Option A: Revert the Kustomize Commit

git log --oneline infra/k8s/overlays/production/kustomization.yaml | head -5
git revert <COMMIT_SHA>
git push origin main
# ArgoCD syncs automatically

Option B: ArgoCD Full History Rollback

argocd app rollback gospelib-production <PREVIOUS_REVISION>

Database Migration Rollback

PostgreSQL

# Check current migration version
migrate -source "file://services/auth/migrations" \
-database "$PG_URL" version

# Roll back one migration
migrate -source "file://services/auth/migrations" \
-database "$PG_URL" down 1

# Roll back to a specific version
migrate -source "file://services/auth/migrations" \
-database "$PG_URL" goto 5
warning

Data-destructive down migrations (dropping columns or tables) cannot be undone. If you've dropped data, you must restore from a backup or fix forward.

FalkorDB

FalkorDB does not have traditional migrations.
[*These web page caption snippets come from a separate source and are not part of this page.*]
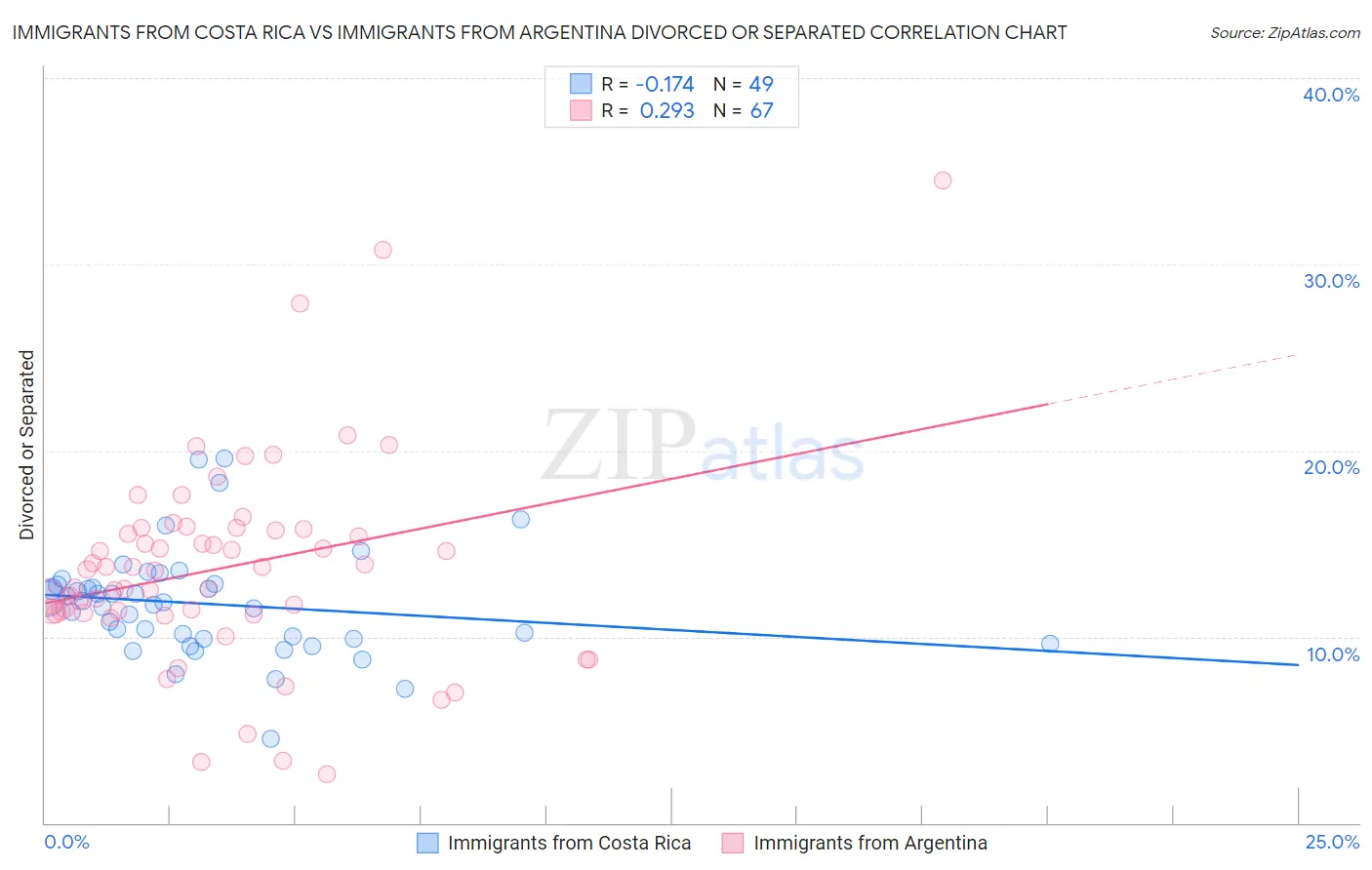 Immigrants from Costa Rica vs Immigrants from Argentina Divorced or Separated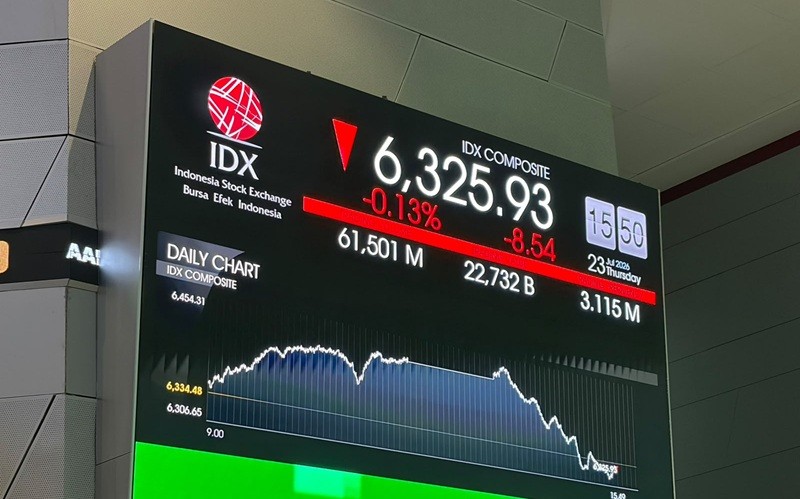 Indeks Harga Saham Gabungan (IHSG) ditutup turun 0,3 persen ke level 6.315 poin pada perdagangan Kamis (23/7/2026). (Foto: iNews Media/Dhera Arizona)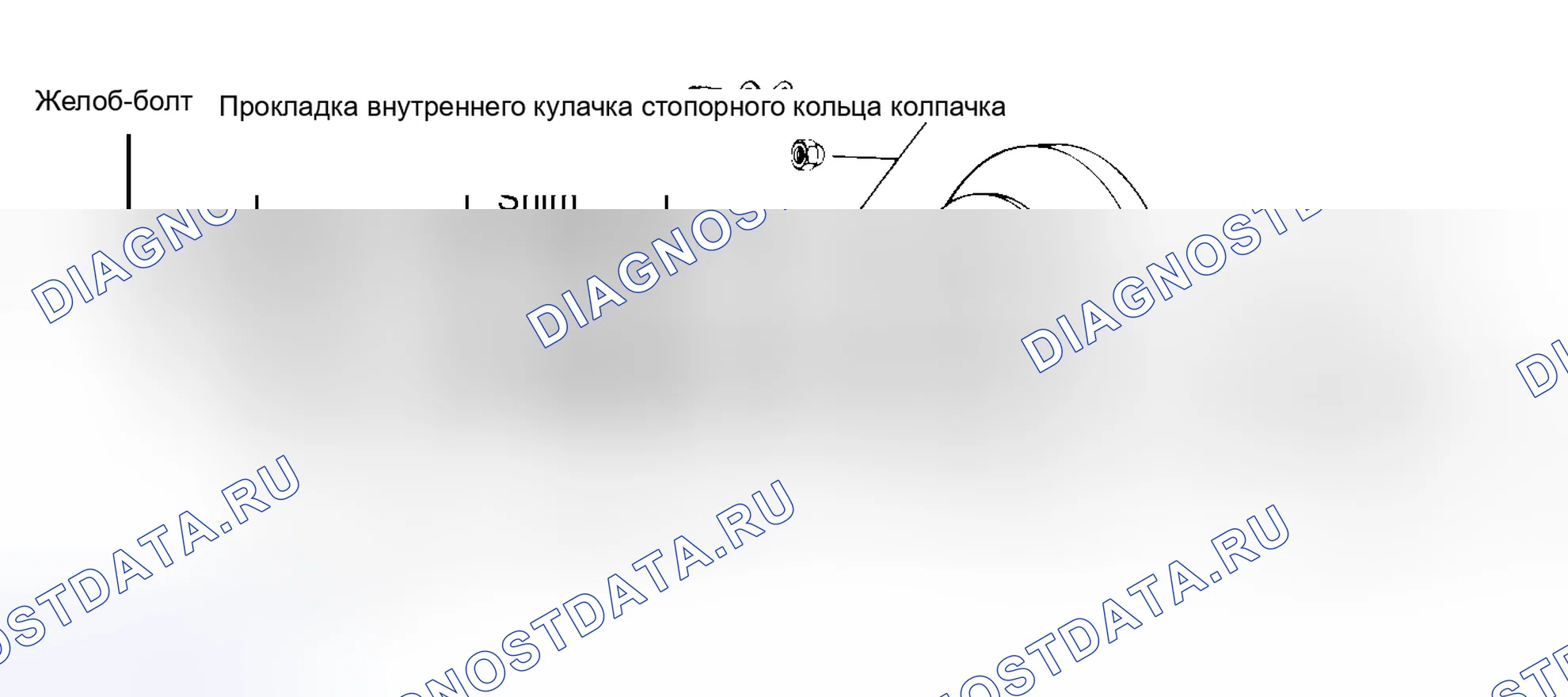 Рис. 4. Isuzu Rodeo I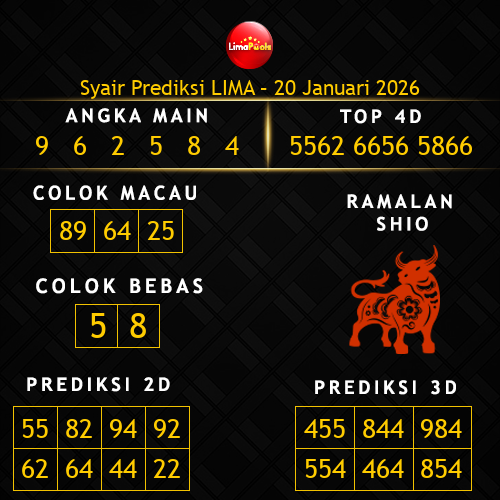 Prediksi Lima Hari Ini 20-januari-2026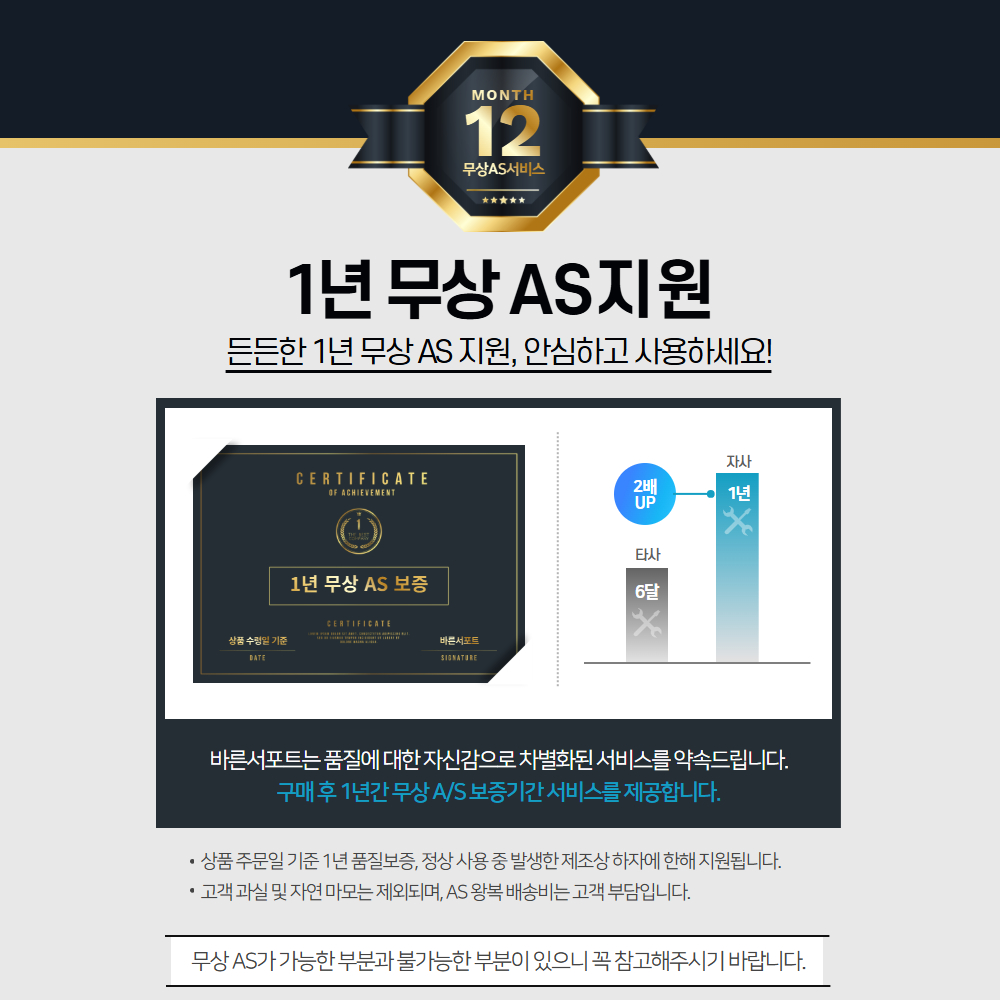 바른서포트 키높이깔창 운동화 구두 인솔 뒤꿈치 반깔창 쿠션 - 상세 이미지 3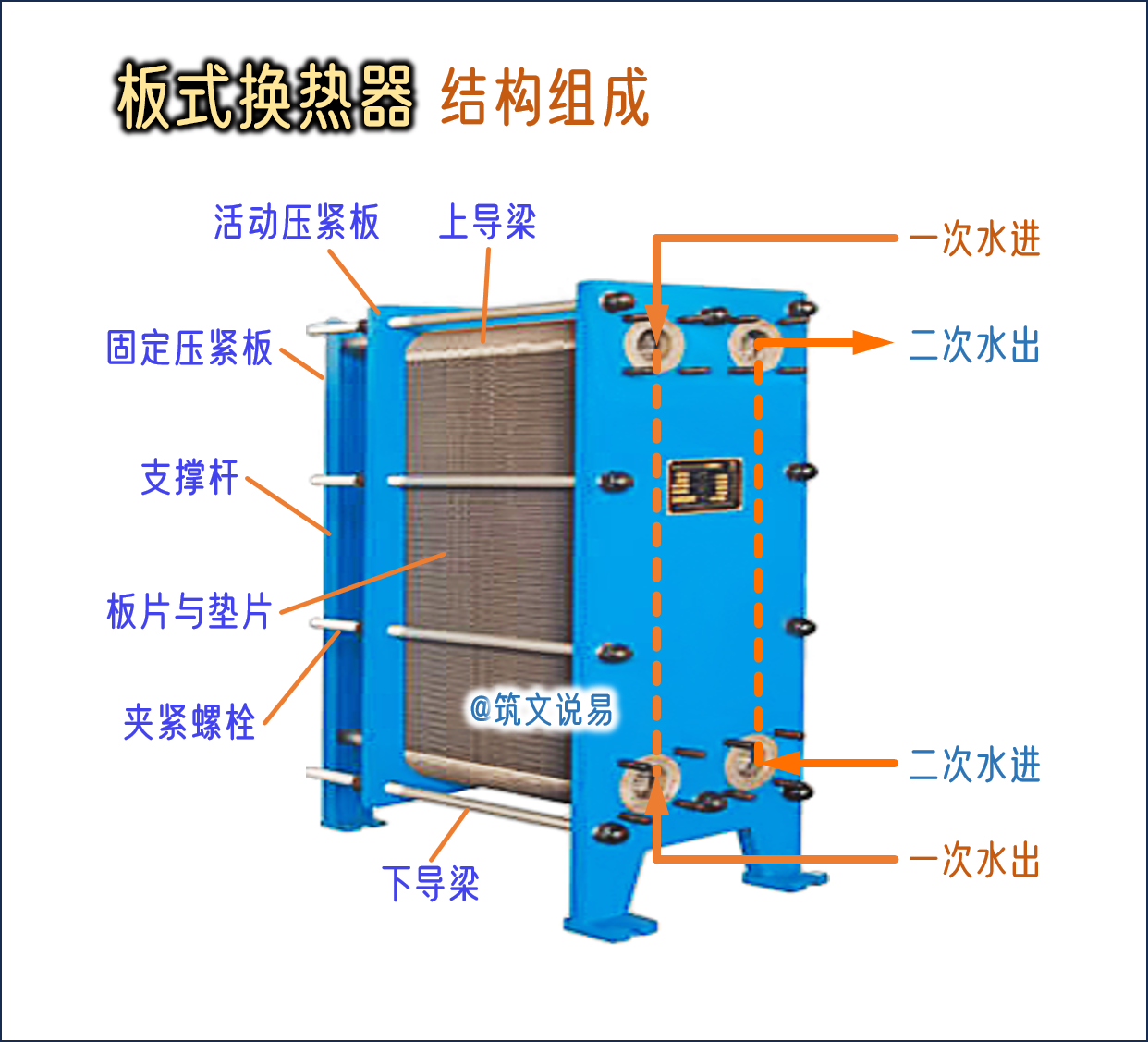 中央空调设备,板式换换热机组的结构原理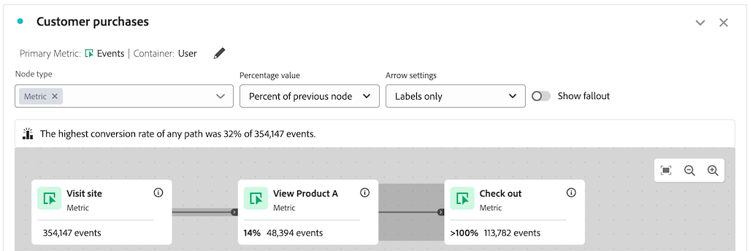 前のノードよりも割合が高いノードを持つジャーニー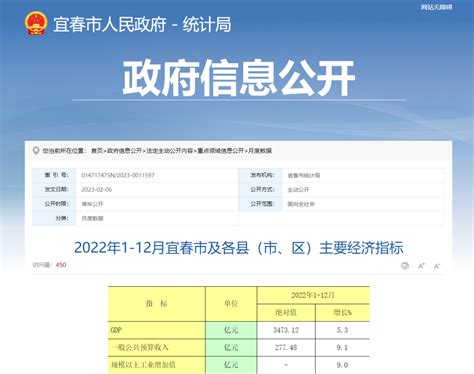 宜春10县市区去年GDP出炉凤凰网江西_凤凰网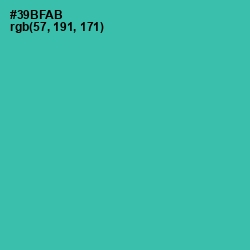 #39BFAB - Pelorous Color Image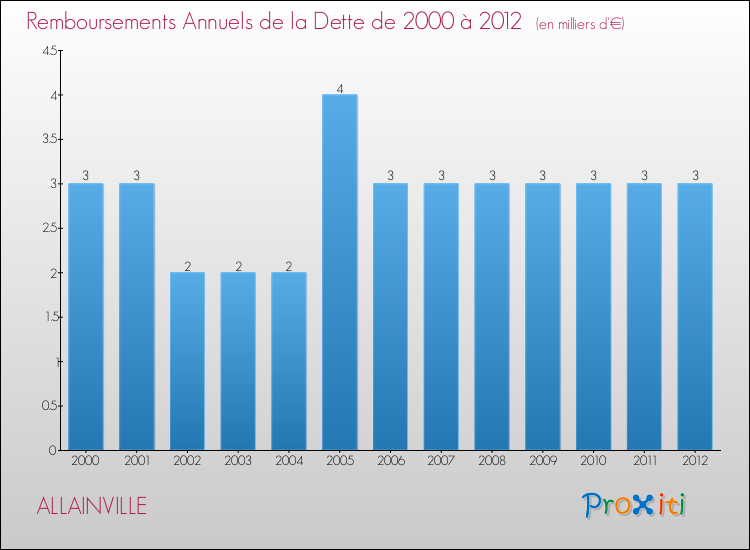 Evolution de l'annuité de la dette pour la commune de ALLAINVILLE de 2000 à 2012 Annuités de la dette pour ALLAINVILLE de 2000 à 2012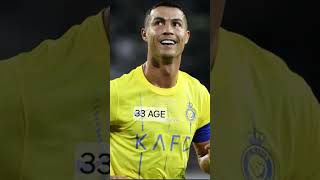 Evolution of Cristiano Ronaldo end XXXTENTACION [upl. by Ayatahs]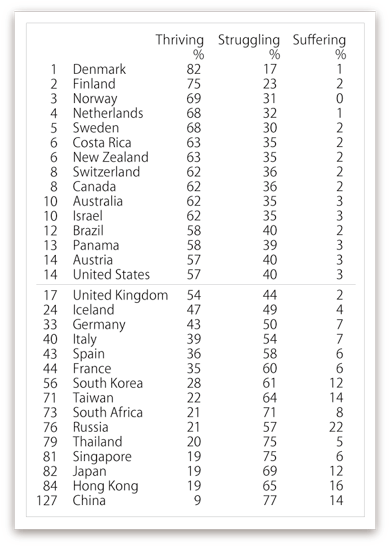 World Map of Happiness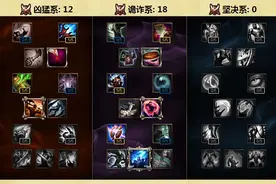 LOL新英雄铸星龙王天赋符文搭配一览 LOL新英雄索尔出装介绍图片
Rollback options:

  1. Additive changes (new indices, new node types): Leave them in place — they are harmless
  2. Destructive changes (removed nodes, changed schema): Restore from backup
  3. Nuclear option: Re-run full ingest from corpus data with --reset
# Full re-ingest (staging only — destroys and rebuilds)
kubectl apply -f infra/k8s/jobs/ingest-full.yaml -n gospelib-staging

Infrastructure Rollback (Terraform)

cd infra/terraform/environments/production

# Find the previous state version in S3
aws s3api list-object-versions \
--bucket gospelib-terraform-state \
--prefix infrastructure/terraform.tfstate

# Download the previous version
aws s3api get-object \
--bucket gospelib-terraform-state \
--key infrastructure/terraform.tfstate \
--version-id <PREVIOUS_VERSION_ID> \
/tmp/terraform.tfstate.backup

# Push the old state back
terraform state push /tmp/terraform.tfstate.backup

# Apply to revert infrastructure
terraform apply

Disaster Recovery

Backup Schedule

Data StoreMethodFrequencyRetention
PostgreSQLRDS automated snapshotsDaily14 days (prod)
PostgreSQLManual snapshot before releasesPer release30 days
FalkorDBRedis BGSAVE → S3Every 6 hours7 days
TypesenseSnapshot API → S3Daily7 days
Corpus dataGitEvery commitPermanent
Terraform stateS3 versioningEvery apply90 days

Restore PostgreSQL from Snapshot

# List available snapshots
aws rds describe-db-snapshots \
--db-instance-identifier gospelib-production \
--query 'DBSnapshots[*].[DBSnapshotIdentifier,SnapshotCreateTime]' \
--output table

# Restore from snapshot
aws rds restore-db-instance-from-db-snapshot \
--db-instance-identifier gospelib-production-restored \
--db-snapshot-identifier <SNAPSHOT_ID> \
--db-instance-class db.t3.medium

# After verification, swap instance names
aws rds modify-db-instance \
--db-instance-identifier gospelib-production \
--new-db-instance-identifier gospelib-production-old

aws rds modify-db-instance \
--db-instance-identifier gospelib-production-restored \
--new-db-instance-identifier gospelib-production

Verify the Rollback

After any rollback:

# Check all pods are running
kubectl get pods -n gospelib-production

# Hit health endpoints
curl https://api.gospelib.com/health
curl https://api.gospelib.com/ready

# Monitor logs for errors
kubectl logs -f -l app=gospelib-gateway -n gospelib-production --since=5m

Monitor Grafana dashboards for 15 minutes to confirm stability.